"""

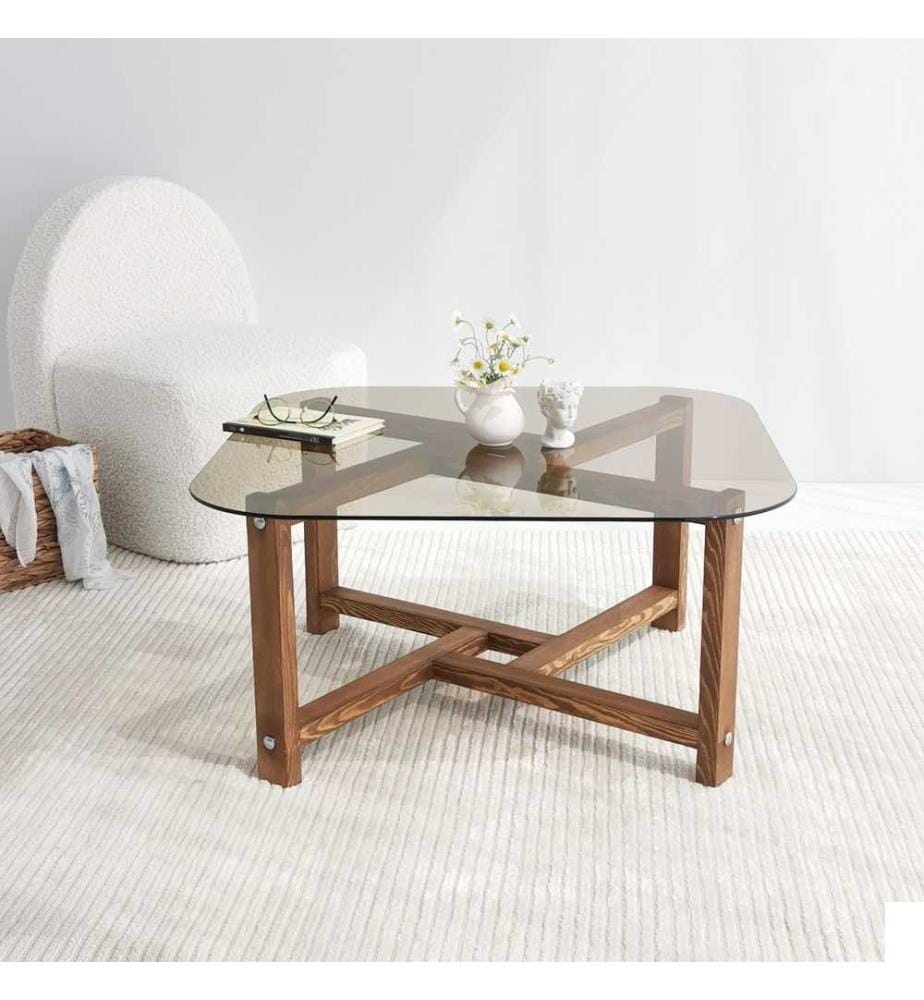 Table basse, chêne, verre trempé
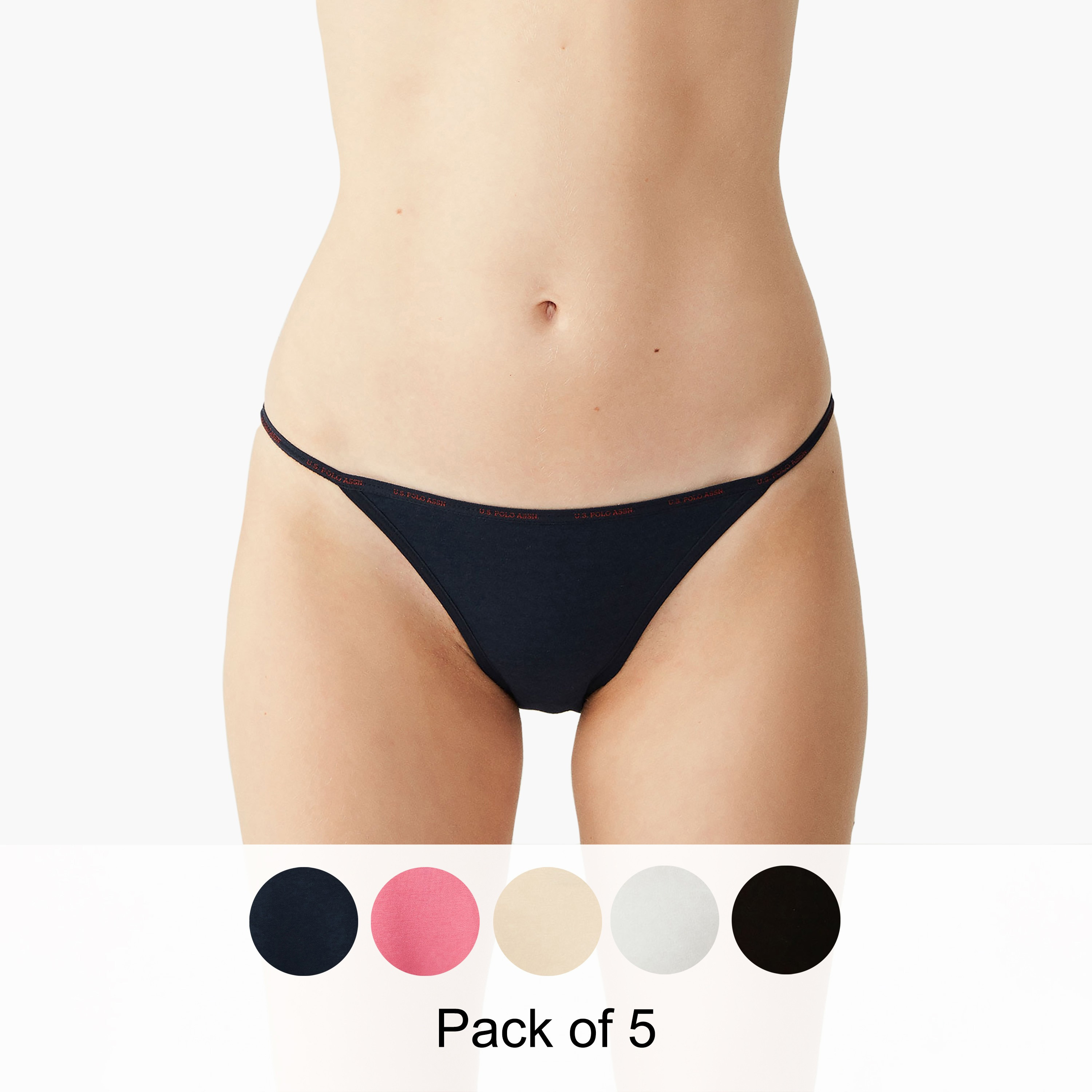 U.S. Polo Assn. Pack of 5 String Bikini Multicolour Women's Panty-women-clothing-lingerie-panties-image-1
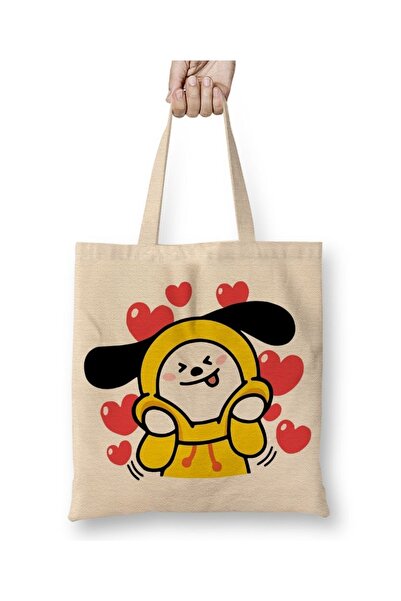 Baskı Dükkanı Geantă din pânză Bt21 Chimmy Bts cu mâner lung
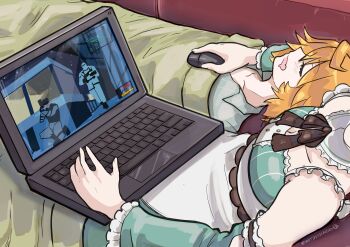 2girls absurdres ahoge artist_name blonde_hair closed_eyes commentary computer detached_sleeves dokibird drooling fang flat_chest_joke frilled_sleeves frills head_out_of_frame highres indie_virtual_youtuber indoors laptop long_sleeves lying mat_(matdesenheiro) meme metal_gear_(series) metal_gear_solid mint_fantome mint_fantome_(minto_2.0) mouth_drool multiple_girls on_back open_mouth reclining skin_fang sleeping solid_snake symbol-only_commentary virtual_youtuber wide_sleeves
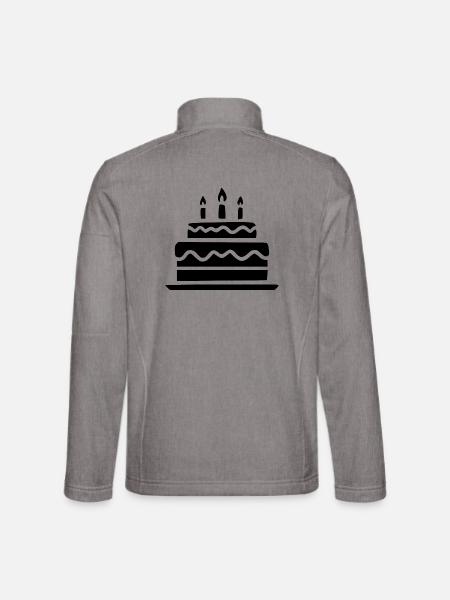 Geburtstagskuchen mit Kerzen Geschenk Geburtstag - Unisex Softshelljacke - Grau meliert - Hinten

"""

With the pictures omitted, restate word for word the lines above from the line that has "U.S. Polo Assn." up to and including the line that has "Baskı Dükkanı Geantă", and no other lines.

 U.S. Polo Assn. Pack of 5 String Bikini Multicolour Women's Panty-women-clothing-lingerie-panties-image-1
 Baskı Dükkanı Geantă din pânză Bt21 Chimmy Bts cu mâner lung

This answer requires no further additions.